I thought it could be interesting to look at a few terms I would associate with ideas around cultural ideas such as The Enlightenment, Modernity, Post-modernism and Crisis Modernity, the Great Confinement, and ideas about progress and science. They are all alas far easier to look at if you do the actual searches yourself in the Ngram viewer because the charts show up much larger, but I have a few saved images of some of the more interesting searches here. Keep in mind it’s all based on books Google have scanned for Google books - so it’s not exhaustive and it’s based on what people were writing about. Results can also be skewed by the number of times it might appear in a text or texts. It’s also worth taking into account that copyright and access to books will also potentially skew the data. It’s still potentially able to give us a rough idea of what issues and ideas were finding their way into print and when, so in theory one could potentially use it to track historical interest in those ideas, or by showing related antonyms possibly also a crisis with them.

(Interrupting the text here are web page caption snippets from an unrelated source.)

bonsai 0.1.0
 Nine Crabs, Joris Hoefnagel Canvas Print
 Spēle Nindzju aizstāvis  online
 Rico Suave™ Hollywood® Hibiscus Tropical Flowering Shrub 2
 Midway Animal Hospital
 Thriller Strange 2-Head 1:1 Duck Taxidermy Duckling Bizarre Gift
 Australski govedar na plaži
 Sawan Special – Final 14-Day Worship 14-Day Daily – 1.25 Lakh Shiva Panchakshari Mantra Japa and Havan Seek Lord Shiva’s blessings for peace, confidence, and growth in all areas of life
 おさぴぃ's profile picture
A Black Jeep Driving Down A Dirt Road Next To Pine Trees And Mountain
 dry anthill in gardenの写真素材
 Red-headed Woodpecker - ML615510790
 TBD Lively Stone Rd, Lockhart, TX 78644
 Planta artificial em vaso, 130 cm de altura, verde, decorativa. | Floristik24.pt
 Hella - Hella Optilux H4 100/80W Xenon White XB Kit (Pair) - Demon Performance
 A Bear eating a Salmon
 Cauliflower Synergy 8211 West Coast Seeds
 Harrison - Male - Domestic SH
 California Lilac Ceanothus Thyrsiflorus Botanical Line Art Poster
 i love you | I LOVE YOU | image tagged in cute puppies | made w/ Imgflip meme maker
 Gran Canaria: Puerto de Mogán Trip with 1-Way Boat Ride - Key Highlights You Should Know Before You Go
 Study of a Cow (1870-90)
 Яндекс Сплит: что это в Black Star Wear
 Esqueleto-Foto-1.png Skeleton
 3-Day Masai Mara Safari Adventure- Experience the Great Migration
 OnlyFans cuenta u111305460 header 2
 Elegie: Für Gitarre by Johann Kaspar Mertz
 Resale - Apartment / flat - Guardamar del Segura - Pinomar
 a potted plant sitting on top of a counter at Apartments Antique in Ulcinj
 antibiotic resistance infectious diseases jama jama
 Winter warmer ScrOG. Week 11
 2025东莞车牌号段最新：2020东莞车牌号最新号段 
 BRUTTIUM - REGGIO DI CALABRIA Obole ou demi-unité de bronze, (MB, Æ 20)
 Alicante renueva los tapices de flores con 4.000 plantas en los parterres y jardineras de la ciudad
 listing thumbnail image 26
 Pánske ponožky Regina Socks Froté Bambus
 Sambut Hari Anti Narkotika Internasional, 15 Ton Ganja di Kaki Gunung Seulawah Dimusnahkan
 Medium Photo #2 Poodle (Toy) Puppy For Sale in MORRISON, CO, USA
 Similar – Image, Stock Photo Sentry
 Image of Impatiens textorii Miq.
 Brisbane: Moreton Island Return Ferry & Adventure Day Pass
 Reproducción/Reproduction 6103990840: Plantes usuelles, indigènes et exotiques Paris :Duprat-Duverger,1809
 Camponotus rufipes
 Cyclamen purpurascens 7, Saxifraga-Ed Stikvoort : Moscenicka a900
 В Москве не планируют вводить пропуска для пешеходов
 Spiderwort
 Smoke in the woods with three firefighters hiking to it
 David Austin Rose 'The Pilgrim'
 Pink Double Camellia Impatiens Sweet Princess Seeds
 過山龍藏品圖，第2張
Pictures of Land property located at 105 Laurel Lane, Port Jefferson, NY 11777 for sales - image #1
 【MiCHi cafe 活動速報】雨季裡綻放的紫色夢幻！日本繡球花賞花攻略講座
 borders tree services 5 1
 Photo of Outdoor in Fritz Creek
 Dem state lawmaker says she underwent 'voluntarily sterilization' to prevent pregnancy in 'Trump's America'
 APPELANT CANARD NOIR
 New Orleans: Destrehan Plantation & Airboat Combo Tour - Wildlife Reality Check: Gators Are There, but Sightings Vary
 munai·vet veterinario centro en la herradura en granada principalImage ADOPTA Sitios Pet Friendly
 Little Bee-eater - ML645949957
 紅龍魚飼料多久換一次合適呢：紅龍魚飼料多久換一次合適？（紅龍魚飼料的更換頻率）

Google also sometimes has errors with its searches in Google books - some words and dates can end up being misread by it, especially if they are from old documents where the print may be hard for software to read.
Keep in mind the saying 'there are lies, damn lies, and statistics'. They can mislead and misrepresent things as well as reveal real trends and changes. So treat this all with a pinch of salt. If you want to its possible to follow the original links and on the bottom of the page you get links to the actual books as a search by date range. Some of them you can read portions of and sometimes it will show clips of the passages where the word occurred. Older books might also be able to be found in full on the wonderful Archive.org site.
I realised part way through I could extend the date range a little past the year 2000 and have updated the links but the graphics all have 2000 as the last date in the range.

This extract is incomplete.